Eric is constantly answering questions from current 19th century teams, programs and players. In 2006, he was elected as a Trustee of the Vintage Base Ball Association (VBBA) and in 2009 was elected as the Historian. Also in 2006, he was acknowledged in two publications. He assisted the author Ray Shaw, Newton Sandy Hook BBC, with the rules and field diagrams for the Vintage Base Ball Scorebook and was acknowledged by leading 19th century baseball writer and historian David Nemec in his 2006 publication The Official Rules of Baseball Illustrated.
Eric was cited by author Peter Morris in his book, A Game of Inches: The Stories behind the Innovations That Shaped Baseball Volume 1: The Game on the Field.
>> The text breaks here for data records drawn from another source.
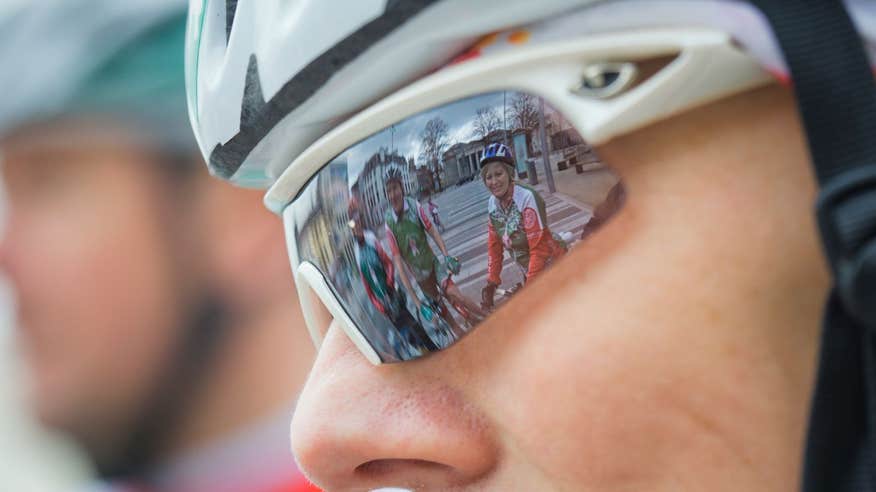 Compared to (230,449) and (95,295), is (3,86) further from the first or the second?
(230,449)

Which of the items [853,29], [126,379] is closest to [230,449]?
[126,379]

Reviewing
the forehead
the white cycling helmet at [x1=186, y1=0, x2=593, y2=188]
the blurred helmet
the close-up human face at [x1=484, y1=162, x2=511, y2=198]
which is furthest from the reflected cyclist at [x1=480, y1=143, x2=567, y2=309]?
the forehead

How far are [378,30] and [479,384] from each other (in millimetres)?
344

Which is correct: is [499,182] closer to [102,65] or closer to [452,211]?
[452,211]

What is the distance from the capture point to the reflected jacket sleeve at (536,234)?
35.4 inches

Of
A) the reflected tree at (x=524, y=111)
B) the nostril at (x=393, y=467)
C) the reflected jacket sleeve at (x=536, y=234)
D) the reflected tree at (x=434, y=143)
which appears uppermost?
the reflected tree at (x=524, y=111)

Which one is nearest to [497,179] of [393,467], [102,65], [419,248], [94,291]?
[419,248]

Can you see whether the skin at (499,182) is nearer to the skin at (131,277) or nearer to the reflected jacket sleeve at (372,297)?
the reflected jacket sleeve at (372,297)

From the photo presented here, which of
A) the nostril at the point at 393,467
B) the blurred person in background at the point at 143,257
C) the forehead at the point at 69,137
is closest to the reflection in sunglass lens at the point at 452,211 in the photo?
the nostril at the point at 393,467

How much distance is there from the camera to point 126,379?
2865mm

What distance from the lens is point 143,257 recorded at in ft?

19c Base Ball Inc. was officially formed in 2004, but in 2002 Eric was asked by fellow 19th century player Tom Halecky, to partner with his company Old Tyme Base Ball Inc. This company produced the first machine made game playable 19th century base balls in the United States and featured the 1861–1867 model. Ownership was transferred to Eric in 2004 and three styles of baseballs are now available. He is currently the Designer and Technical Advisor to the manufacturer that produces the game playable baseballs for 19c Base Ball Inc. From 2006 through 2008 he has was a Historical Consultant / Advisor to Da-Cor Pictures for the independent film titled, “The Silent Natural Dummy Hoy” (2007), regarding the rules, field layouts, styles of play and uniforms used during the various years the film depicts and also provided the baseballs used during the filming. In October of 2008, the professional game scenes were re-shot in Indiana and Eric was hired to ensure the authenticity and direct these scenes. During the two day re-shoot, he provided all of the pitching during the filming and doubled for the lead actor in some scenes.
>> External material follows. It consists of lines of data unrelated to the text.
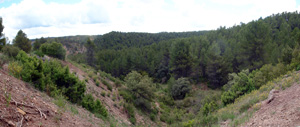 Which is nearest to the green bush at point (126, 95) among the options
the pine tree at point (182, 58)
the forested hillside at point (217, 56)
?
the forested hillside at point (217, 56)

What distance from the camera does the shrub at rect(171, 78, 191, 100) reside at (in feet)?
85.8

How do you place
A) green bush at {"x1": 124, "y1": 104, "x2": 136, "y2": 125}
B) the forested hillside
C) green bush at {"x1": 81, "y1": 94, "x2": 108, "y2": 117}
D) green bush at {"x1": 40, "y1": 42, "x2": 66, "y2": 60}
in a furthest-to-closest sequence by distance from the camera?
the forested hillside, green bush at {"x1": 40, "y1": 42, "x2": 66, "y2": 60}, green bush at {"x1": 124, "y1": 104, "x2": 136, "y2": 125}, green bush at {"x1": 81, "y1": 94, "x2": 108, "y2": 117}

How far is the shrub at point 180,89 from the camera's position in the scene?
26156 millimetres

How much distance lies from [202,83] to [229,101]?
21.3 m

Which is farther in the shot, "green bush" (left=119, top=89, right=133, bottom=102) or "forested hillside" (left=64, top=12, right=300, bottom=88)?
"forested hillside" (left=64, top=12, right=300, bottom=88)

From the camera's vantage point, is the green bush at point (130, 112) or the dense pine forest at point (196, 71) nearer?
the dense pine forest at point (196, 71)

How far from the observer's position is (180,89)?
86.1ft

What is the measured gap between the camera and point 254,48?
26969 mm

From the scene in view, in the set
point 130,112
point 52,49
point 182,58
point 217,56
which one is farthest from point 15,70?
point 182,58

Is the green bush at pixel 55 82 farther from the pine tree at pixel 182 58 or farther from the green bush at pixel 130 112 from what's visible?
the pine tree at pixel 182 58

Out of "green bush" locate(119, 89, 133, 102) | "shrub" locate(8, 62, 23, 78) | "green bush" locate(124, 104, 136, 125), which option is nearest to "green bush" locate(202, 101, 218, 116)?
"green bush" locate(124, 104, 136, 125)

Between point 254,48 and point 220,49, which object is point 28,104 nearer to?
point 254,48

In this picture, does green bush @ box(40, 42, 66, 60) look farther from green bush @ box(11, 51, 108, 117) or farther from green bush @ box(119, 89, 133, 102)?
green bush @ box(11, 51, 108, 117)

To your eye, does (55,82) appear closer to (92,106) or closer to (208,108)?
(92,106) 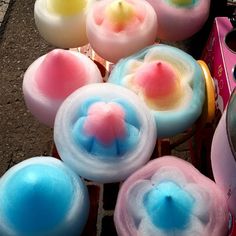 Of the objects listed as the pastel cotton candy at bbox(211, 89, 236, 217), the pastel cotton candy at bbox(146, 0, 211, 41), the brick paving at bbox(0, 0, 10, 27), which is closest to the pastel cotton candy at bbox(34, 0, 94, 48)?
the pastel cotton candy at bbox(146, 0, 211, 41)

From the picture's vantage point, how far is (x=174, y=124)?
1.13 meters

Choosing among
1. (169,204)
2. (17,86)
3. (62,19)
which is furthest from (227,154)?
(17,86)

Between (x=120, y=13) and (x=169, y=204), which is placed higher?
(x=120, y=13)

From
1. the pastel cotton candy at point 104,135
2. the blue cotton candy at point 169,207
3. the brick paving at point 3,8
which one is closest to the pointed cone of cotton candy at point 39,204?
the pastel cotton candy at point 104,135

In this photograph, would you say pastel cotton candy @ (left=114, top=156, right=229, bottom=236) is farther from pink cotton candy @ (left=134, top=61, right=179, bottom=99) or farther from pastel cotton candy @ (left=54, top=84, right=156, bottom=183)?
pink cotton candy @ (left=134, top=61, right=179, bottom=99)

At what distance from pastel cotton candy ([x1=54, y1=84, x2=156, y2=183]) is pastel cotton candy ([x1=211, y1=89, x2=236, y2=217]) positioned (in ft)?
0.55

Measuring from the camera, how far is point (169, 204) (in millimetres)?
928

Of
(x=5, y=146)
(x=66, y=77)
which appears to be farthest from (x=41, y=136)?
(x=66, y=77)

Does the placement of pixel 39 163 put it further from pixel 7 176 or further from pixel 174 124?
pixel 174 124

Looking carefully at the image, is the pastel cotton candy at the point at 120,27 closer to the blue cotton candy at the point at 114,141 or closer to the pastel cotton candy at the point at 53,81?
the pastel cotton candy at the point at 53,81

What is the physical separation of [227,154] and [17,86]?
1.27 metres

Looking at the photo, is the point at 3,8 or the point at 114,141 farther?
the point at 3,8

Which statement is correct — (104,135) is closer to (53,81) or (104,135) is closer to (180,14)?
(53,81)

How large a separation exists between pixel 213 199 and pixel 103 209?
0.58 metres
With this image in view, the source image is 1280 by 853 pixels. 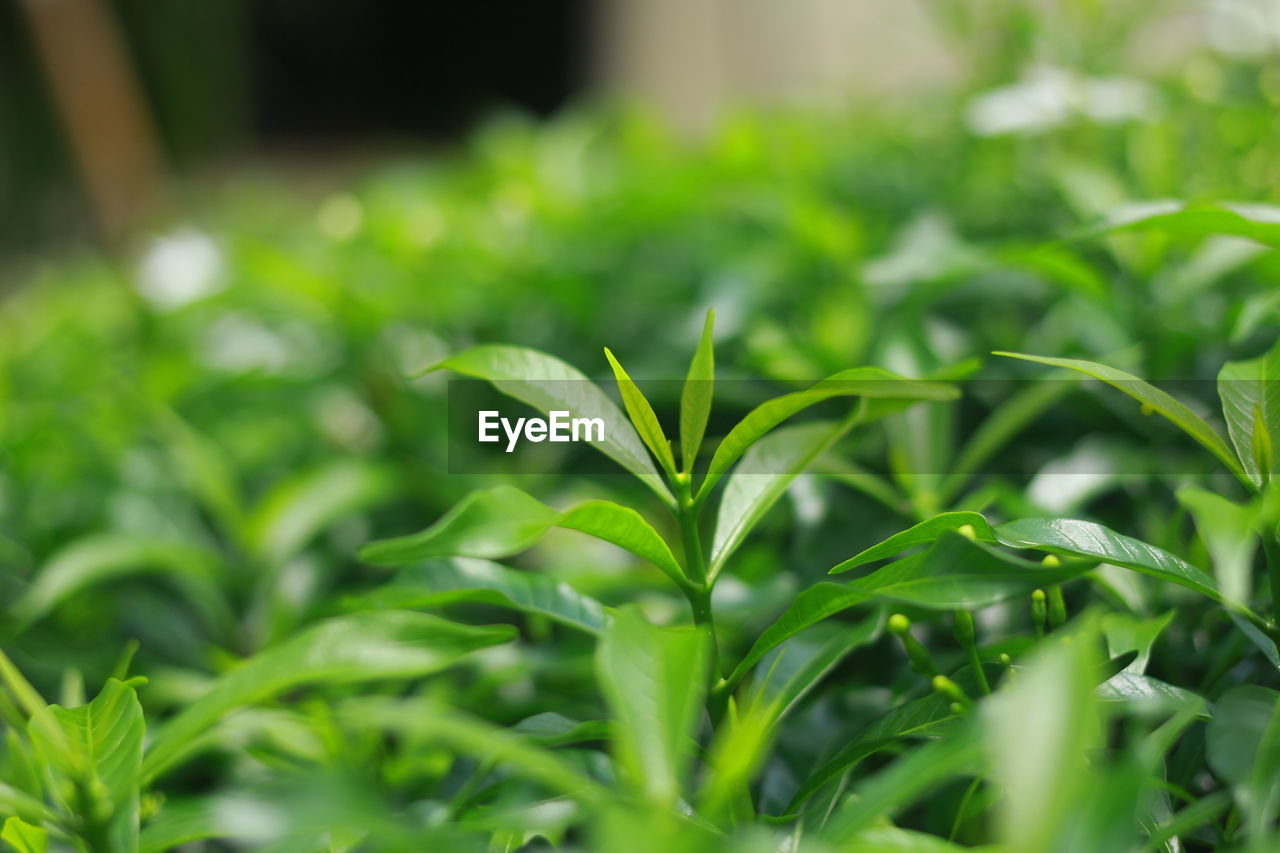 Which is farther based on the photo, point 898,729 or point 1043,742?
point 898,729

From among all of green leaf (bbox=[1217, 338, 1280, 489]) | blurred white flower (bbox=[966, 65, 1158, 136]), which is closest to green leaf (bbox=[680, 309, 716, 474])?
green leaf (bbox=[1217, 338, 1280, 489])

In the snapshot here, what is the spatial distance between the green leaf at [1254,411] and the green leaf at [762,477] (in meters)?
0.17

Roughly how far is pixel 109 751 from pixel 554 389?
0.81 ft

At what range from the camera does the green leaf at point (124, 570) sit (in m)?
0.66

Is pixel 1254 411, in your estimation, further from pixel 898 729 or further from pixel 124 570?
pixel 124 570

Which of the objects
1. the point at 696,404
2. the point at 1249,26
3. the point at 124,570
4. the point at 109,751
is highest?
the point at 1249,26

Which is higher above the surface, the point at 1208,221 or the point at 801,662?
the point at 1208,221

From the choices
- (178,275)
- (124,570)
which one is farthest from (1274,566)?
(178,275)

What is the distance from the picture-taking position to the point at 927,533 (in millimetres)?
406

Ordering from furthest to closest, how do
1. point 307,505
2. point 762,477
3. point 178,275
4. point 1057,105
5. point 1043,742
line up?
point 178,275, point 1057,105, point 307,505, point 762,477, point 1043,742

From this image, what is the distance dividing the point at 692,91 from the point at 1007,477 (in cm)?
408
Not only is sports a long lived and adored pastime for Eric, he was also employed in professional sports for 11 years. Starting out as a stick boy for the National Hockey League's New York Islanders from 1988-1991, he was later promoted to Equipment Manager, and part-time practice goalie, from 1996–2000. In 1997, he was selected as an Equipment Manager for Team USA at the Ice Hockey World Championships, which took place in Turku and Helsinki, Finland. From 1991–1993, Eric was both the Equipment Manager and Athletic Trainer for the Louisville Icehawks of the East Coast Hockey League.
With over 500 NHL and 140 minor league games he has been fortunate to be a part of numerous memorable experiences. Two of those have been published. One in, Fish Sticks: The Fall and Rise of the New York Islanders and the other in the 1995-1996 East Coast Hockey League Official Guide and Record Book, in which he cuts hockey legend John Brophy's tie igniting an on ice brawl.
He also ventured into professional football and was on the equipment staff of the Houston Oilers (now the Tennessee Titans) for the team's pre and post-training camps in 1991 and 1992.
Eric lives in North Babylon, New York, has a 6-year old daughter, Christina and a 92-pound black lab named Smokey.